China reported on Friday an unexpected acceleration in export growth in September and a record trade surplus with the United States, which could exacerbate an already-heated dispute between Beijing and Washington. U.S. President Donald Trump warned on Thursday there was much more he could do that would hurt China's economy further, showing no signs of backing off an escalating trade war with Beijing.

The International Monetary Fund said sustained trade tensions could slash Asia's economic growth by up to 0.9 percentage points in coming years, and warned that the market rout seen in emerging economies could worsen if the U.S. Federal Reserve and other major central banks tightened monetary policy more quickly than expected.

The top gainer on Hang Seng was Sunny Optical Technology Group Co Ltd, up 10.73 per cent, while the biggest loser was China Resources Power Holdings Co Ltd, which was down 1.20 per cent. China's main Shanghai Composite index closed 0.9 per cent higher at 2,606.91 points, after touching near four-year lows on Thursday amid a global sell-off. The index was down 7.6 per cent for the week, its worst weekly performance since early February.

Around the region, MSCI's Asia ex-Japan stock index was firmer by 2.06 per cent, while Japan's Nikkei index closed up 0.46 per cent. The yuan finished its onshore trading session at 6.9234 per U.S. dollar, 0.5 per cent weaker than the previous close of 6.8888. The offshore yuan was changing hands at 6.9161 at 0830 GMT, 0.58 per cent weaker than the previous day's close.

As of the previous trading session, the Hang Seng index was down 15.55 per cent this year, while China's H-share index was down 13.8 per cent.
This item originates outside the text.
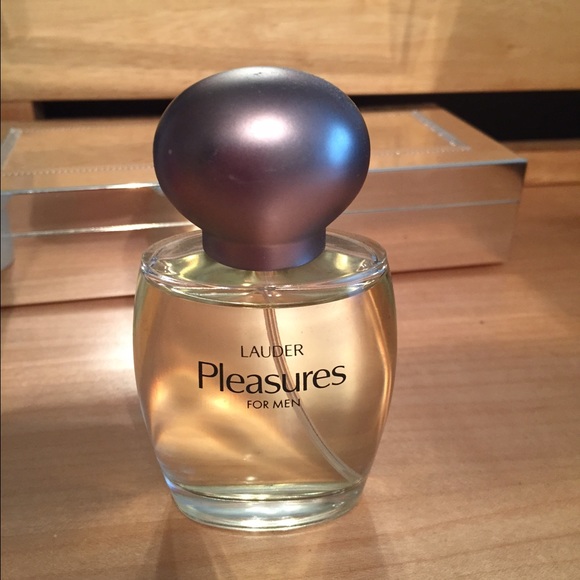 Pleasures For Men Estée Lauder for men şişe günışığı rengi.jpg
As of the previous close, the Hang Seng has declined 9.08 per cent this month. The top gainers among H-shares were Tencent Holdings Ltd, up 8.01 per cent, followed by China Vanke Co Ltd, gaining 6.67 per cent, and China Huarong Asset Management Co Ltd, up by 6.62 per cent.

The three biggest H-shares percentage decliners were Huaneng Power International Inc, which was down 1.49 per cent, China Telecom Corp Ltd, which fell 1.2 per cent, and Hengan International Group Company Ltd, down by 0.8 per cent. About 2.16 billion Hang Seng index shares were traded, roughly 118.2 per cent of the market's 30-day moving average of 1.83 billion shares a day.

The volume traded in the previous trading session was 3.19 billion. At the close, China's A-shares were trading at a premium of 22.67 per cent over the Hong Kong-listed H-shares. The price-to-earnings ratio of the Hang Seng index was 9.79 as of the last full trading day, while the dividend yield was 3.8 per cent.

So far this week, the market capitalisation of the Hang Seng index has fallen by 5.31 per cent to HK$16.41 trillion. The short and one-factor leveraged Hang Seng index, which is designed to replicate the payoff of a short or leveraged portfolio and is linked to the movements of the Hang Seng Index, was lower by 2.12 per cent on the day at 5,413.71 points.